The reply should contain every line of the data, repeated exactly, and no pictures.
Data section start
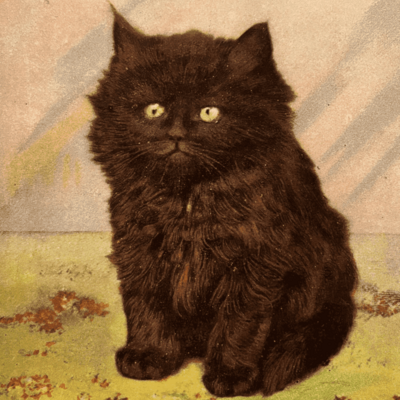 avatar for CatsOfYore@varmint.town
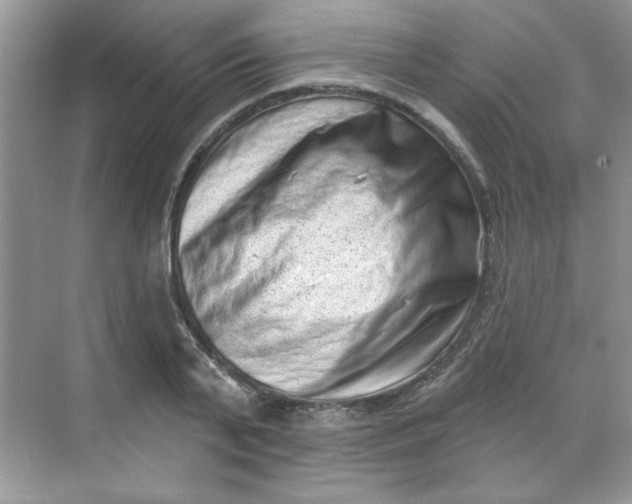 X0000068720791200605121451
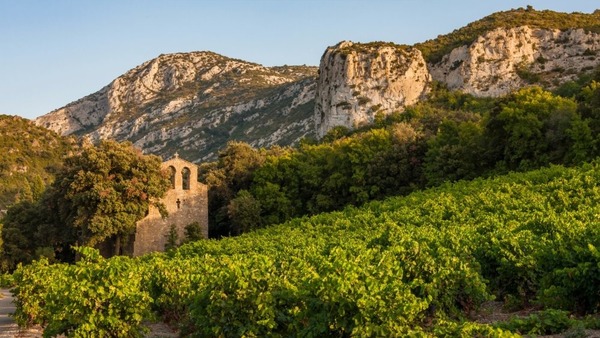 Quelle est la région viticole la plus étendue ?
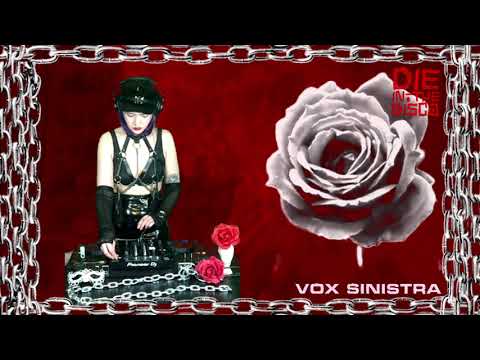 Vox Sinistra @ Die in the Disco 01.30.2021 (EBM Techno, Electro-Industrial, Darkwave, Synth)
Data section end
[Answer for this exercise]
 avatar for CatsOfYore@varmint.town
 X0000068720791200605121451
 Quelle est la région viticole la plus étendue ?
 Vox Sinistra @ Die in the Disco 01.30.2021 (EBM Techno, Electro-Industrial, Darkwave, Synth)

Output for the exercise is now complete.